Wednesday, July 6, 2016

What I Ate Today: China Edition

Lately I've posted mostly photos of my travels, but little of my daily life in China. I'm packing up to leave on summer holiday, so I wanted to leave you with 31 days of posts that paint a picture of what it's like to live in China and what my current life is like. If you want to join in the sharing I'd love it if you would place a link in the comments back to your post. I hope you enjoy and have a great summer!

In Langfang, it's difficult to get real western food. There are several restaurants that serve westernish food, but the taste and quality is not very good. The price for these dishes is usually very expensive and not really worth it. Chinese food can be incredibly cheap and usually tastes pretty good. We do have a few American chain fast food restaurants in town, but I can't tolerate eating fast food that often.

In my opinion, there are two types of western restaurants in China. There are restaurants owned by westerners who understand how to cook the food and use quality ingredients. Unfortunately, they are mostly located in the large cities with a large expat population. A meal at one of these restaurants will usually run you a minimum of 100 rmb ($15.00+) per person, but you'll most likely have an enjoyable meal. The other type, which I refer to as westernish, are operated by Chinese locals who most likely never traveled to a western country or sampled real western food. They serve their idea of western food, which I assure you is very far from the real thing. Typically the dishes I've had at these restaurants are deep fried and overcooked. Some restaurants will serve freshly prepared items, but they aren't prepared in the same way. An odd combination of vegetables might be thrown in, just because. Don't expect to be served what your perception of the item is based on the menu description. Unless you've ordered it before, you never really know what you're going to get. A friend of mine calls it Chinese Western fusion, but I interpret that ironically. Meals at these restaurants are usually expensive, especially for what you get. You'll probably pay at least $10, and you'll leave with regret.      

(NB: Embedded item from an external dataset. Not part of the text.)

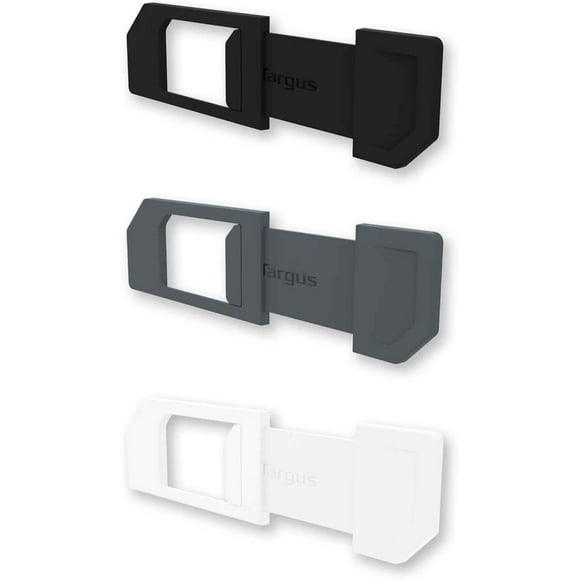 Targus Spy Guard Housse de Webcam Coulissante sur Ordinateur Portable et Appareils Photo pour la Protection de la Sécurité Visuelle et Anti-Piratage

This is what I had for lunch today. I dined with another person so we shared some appetizers. The udon noodle dish was incredibly bland; I didn't even finish half of it. The fried shrimp and fried spring roles were just okay. I dipped them in the soy sauce on the table because they didn't offer anything other than ketchup (which I hate). They tasted like bad frozen meals from the freezer section that you try once and never again. There's little inside the breading and they're typically served over cooked. Blah. I usually try to avoid it, but occasionally I'm feeling optimistic, miss western food, and don't feel like cooking for myself. I'm preparing to leave for the summer so my fridge is nearly empty. Today I went for lunch around 3pm and all of my local Chinese restaurants are closed between lunch and dinner. The meal pictured below (plus a can of Coke and mango smoothie) cost 79 rmb or $11.80. Afterwards, I wished I had just gone to Subway or McD's. 

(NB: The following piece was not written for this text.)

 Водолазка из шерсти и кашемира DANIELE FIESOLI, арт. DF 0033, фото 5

For dinner, I was invited to a BBQ by two of my university students. By BBQ I mean going to a restaurant that has an outdoor grill and tables, and ordering dishes like meat on a stick. It's often served on metal trays and we eat on little, metal stools at plastic picnic tables. (I try to eat at the restaurants that I know are Muslim, so at least you know the lamb is really lamb and you're eating good quality meat. You can spot them because the sign is in Chinese and also Arabic). 

There were three of us dining. I don't know the price because they invited me and Chinese custom dictates that the person who invites, pays. Here's a look at what we ordered: 

Salad of raw vegetable and vinegar dressing

Grilled Lamb

Grilled Bread

BBQ Tofu and Pork

Grilled Fish

BBQ Menu

What are your thoughts on Chinese food? 
What did you eat today?


  1. Your second meal looks amazing! I remember on our way home from 10 days in China, craving something simple from home. We ordered ham and cheese sandwiches and they were a little bit different, but a nice attempt. It's interesting to see what other cultures' takes on American food look like.

    1. That's funny you say that. A few days ago I had a take on ham and cheese here. In addition to the ham and cheese they added egg salad. They had even melted extra cheese on top of the bread even though the whole thing was served cold.